Cyclooxygenase (COX), officially known as prostaglandin-endoperoxide synthase (PTGS), is an enzyme that is responsible for formation of important biological mediators called prostanoids, including prostaglandins, prostacyclin and thromboxane. Two cyclooxygenase isoforms have been identified and are referred to as COX-1 and COX-2. Under many circumstances the COX-1 enzyme is produced constitutively (i.e., gastric mucosa) whereas COX-2 is inducible (i.e., sites of inflammation). Common non-steroidal anti-inflammatory drugs (NSAIDs) inhibit both COX-1 and COX-2 isoforms.
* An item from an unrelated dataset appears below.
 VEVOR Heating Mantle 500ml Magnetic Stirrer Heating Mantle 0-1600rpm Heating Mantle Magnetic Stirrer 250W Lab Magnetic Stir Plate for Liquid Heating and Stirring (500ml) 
COX-2 is usually absent in most normal tissues, and is induced rapidly in response to pathological stimuli. There is abundant evidence to prove that COXs and 5-lipoxygenase (5-LOX) play a pivotal role in inflammation and organ dysfunction.
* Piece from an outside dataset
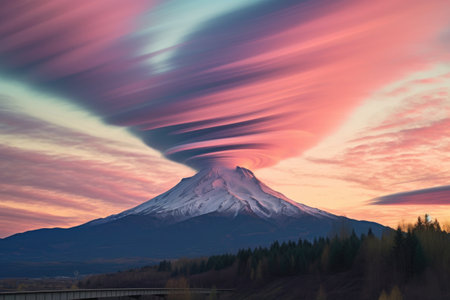 time-lapse of lenticular clouds shifting shapes over a majestic mountain, created with generative aiの素材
Psoralidin, a coumestan derivative, is a COX-2 and 5-LOX dual inhibitor with anti-cancer, anti-inflammatory and anti-bacterial properties.


In MDA-MB-231 cells, Psoralidin significantly downregulates NOTCH1 signaling, and this downregulation resulted in growth inhibition and induction of apoptosis in both ALDH and ALDH+ cells. In addition, Psoralidin facilitates inhibition of epithelial to mesenchymal transition (EMT) markers (β-catenin and vimentin) and upregulates E-cadherin expression.
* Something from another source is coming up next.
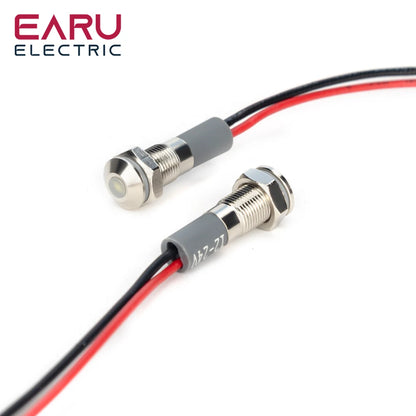 6mm 8mm 10mm 12mm 14mm Warning LED Metal Indicator Light Pilot Wires Switch Waterproof IP65 Signal Lamp 5/12/24/220V Red Green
Ionizing radiation (IR)-induced ROS activated COX-2 and 5-LOX pathway in human normal lung fibroblasts (HFL-1 and MRC-5 cells). However, Psoralidin inhibits the COX-2 through suppression of NF-kB activation at a step after Akt phosphorylation. Furthermore, Psoralidin blocks the 5-LOX activity by direct binding with the FLAP, and decreases fibroblast migration in IR-irradiated normal lung fibroblasts.
Also, Psoralidin blocks IR-induced LTB4 production and attenuates the IR-induced fibroblast migration. Moreover, in IR-induced pulmonary inflammation in mice, Psoralidin suppresses IR-induced expression of pro-inflammatory cytokines (TNF-α, TGF-β, IL-6 and IL-1 α/β) and ICAM-1.


In summary, Psoralidin is a COX-2 and 5-LOX dual inhibitor with anti-cancer, anti-inflammatory and anti-bacterial properties.

References:
[1] Hee Jung Yang, et al. Biochem Pharmacol. 2011 Sep 1;82(5):524-34.
[2] S Suman, et al. Br J Cancer. 2013 Nov 12;109(10):2587-96.